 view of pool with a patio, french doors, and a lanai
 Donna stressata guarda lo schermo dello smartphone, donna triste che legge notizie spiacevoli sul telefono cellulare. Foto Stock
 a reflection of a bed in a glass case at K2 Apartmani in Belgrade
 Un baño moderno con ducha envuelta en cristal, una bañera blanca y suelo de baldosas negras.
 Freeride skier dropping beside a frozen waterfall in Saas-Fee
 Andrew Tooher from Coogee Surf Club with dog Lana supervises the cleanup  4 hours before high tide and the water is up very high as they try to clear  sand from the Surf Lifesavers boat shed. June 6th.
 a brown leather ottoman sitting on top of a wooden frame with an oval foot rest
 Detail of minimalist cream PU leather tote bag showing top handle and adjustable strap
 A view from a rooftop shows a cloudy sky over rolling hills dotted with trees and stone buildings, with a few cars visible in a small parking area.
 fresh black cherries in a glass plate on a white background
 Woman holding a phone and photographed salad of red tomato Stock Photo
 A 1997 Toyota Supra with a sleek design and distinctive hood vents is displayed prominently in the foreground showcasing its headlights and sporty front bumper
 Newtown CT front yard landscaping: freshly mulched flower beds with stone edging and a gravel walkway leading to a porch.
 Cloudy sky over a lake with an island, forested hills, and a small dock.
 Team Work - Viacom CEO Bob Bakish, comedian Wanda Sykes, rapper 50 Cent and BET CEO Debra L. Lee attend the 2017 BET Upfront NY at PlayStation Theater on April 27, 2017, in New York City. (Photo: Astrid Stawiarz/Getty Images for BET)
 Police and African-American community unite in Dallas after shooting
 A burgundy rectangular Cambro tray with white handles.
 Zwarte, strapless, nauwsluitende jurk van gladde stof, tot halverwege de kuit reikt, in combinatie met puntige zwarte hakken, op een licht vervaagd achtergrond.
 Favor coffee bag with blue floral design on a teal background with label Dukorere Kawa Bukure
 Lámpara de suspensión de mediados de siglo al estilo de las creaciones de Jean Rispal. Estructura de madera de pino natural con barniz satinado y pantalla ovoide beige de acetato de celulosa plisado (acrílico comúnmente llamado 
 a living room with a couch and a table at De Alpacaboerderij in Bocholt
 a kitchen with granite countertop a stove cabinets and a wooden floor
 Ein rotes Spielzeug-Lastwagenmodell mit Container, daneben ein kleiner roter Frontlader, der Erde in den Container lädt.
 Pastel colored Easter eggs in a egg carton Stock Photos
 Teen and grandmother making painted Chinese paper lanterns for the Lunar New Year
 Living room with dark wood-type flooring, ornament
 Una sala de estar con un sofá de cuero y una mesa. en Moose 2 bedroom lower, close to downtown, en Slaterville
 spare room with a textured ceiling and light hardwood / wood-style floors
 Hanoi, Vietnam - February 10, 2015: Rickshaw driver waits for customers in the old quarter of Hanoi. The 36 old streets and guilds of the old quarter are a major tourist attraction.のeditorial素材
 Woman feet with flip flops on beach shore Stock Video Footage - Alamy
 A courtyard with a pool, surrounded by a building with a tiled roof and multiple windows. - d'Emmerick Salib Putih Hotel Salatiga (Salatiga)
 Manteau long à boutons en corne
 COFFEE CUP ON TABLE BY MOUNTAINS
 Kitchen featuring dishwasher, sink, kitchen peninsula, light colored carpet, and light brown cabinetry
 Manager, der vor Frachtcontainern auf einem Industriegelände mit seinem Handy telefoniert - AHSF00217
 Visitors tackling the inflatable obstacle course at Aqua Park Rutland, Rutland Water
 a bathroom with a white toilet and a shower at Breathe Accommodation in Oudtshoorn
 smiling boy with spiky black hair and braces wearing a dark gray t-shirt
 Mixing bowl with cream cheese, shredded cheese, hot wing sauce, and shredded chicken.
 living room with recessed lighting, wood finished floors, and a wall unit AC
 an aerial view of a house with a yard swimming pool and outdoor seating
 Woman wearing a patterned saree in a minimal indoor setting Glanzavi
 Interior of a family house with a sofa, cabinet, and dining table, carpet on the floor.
※
- **What to work on**: Copy out every line from the records that has the word "over".

- **Solved exercise**:
 A view from a rooftop shows a cloudy sky over rolling hills dotted with trees and stone buildings, with a few cars visible in a small parking area.
 Cloudy sky over a lake with an island, forested hills, and a small dock.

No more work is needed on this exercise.